If you’re keen-eyed, you may spot the remains of a sticker on the front of this record’s sleeve. I tried my best to remove it, I really did, but it was stuck on with some kind of industrial-strength super-super-glue, and what you see that’s left is a pretty good outcome, I can tell you. If you’re very keen-eyed, you may recognise the sticker as the type put on when a record is put up for sale at a branch of the Record & Tape Exchange in London. Criticisms about their choice of sticker aside – why would they choose a type that a geekoid record collector couldn’t easily remove? – I love those shops. I’m not sure how many of them there are, but I’ve been most often to the main branch in Notting Hill, which has an Aladdin’s Cave-type basement that’s absolutely packed with racks and racks of records for sale.
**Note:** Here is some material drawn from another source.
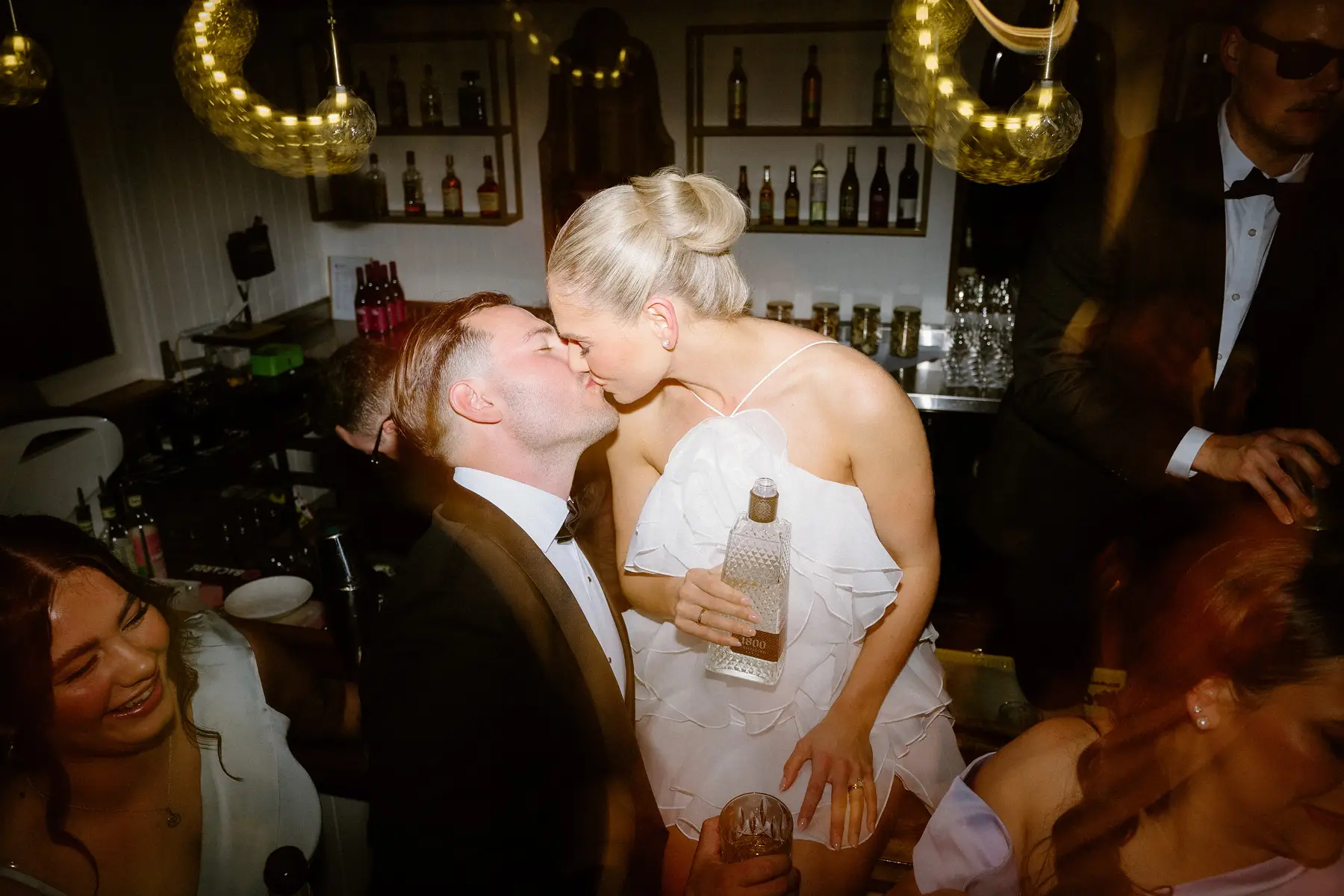 A kiss under the disco balls on the dance floor, Botanica Plantation House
The joyous thing is that they price their records very cheaply, and they always seem to have a surfeit of impossibly obscure indie records amongst the racks. I can’t remember how much this record cost me exactly, but I’d be pretty confident in stating that it won’t have been more than twenty pence. ‘Word of warning,’ as that chap off of The Office would say; if you’re going in there for a ‘quick browse’, be totally prepared to emerge, bleary-eyed, hours later, with armfuls of records by bands that you’ve never heard of.
I’ve mentioned Gag on another post here before, so I won’t bang on about their extraordinary excellence again. God Is My Co-Pilot, though, or Godco (as they’re referred to on this record), I haven’t. I like them; they are crazy, and noisy, and nonsensical, and have wacky distorted guitars and a chaotic type of energy. I’m sure I have a tape somewhere that features John Zorn squonking his saxophone atonally over a selection of their songs – I should dig that out. Godco/Gog Is My Co-Pilot are one of those bands with around twelve thousand separate releases under their collective belt. I like it when bands that are completely unknown to even the more experimental ends of ‘the mainstream’ are, at the same time, extraordinarily prolific and popular in some weird underbelly of music appreciation. Admittedly, I did pick this record up for less than twenty pence after – I presume – somebody else had decided they didn’t want/like it, but more fool them. I’m not going to sell it on.
One final word about the Record & Tape Exchange. This, and other records I’ve bought from there, came with the original (and correct) inserts intact – lyrics and ‘thank-you’s from the bands, and a label release round-up. I like that. I’m not sure why. To me, they form part of the package and the record would be a lesser thing without them.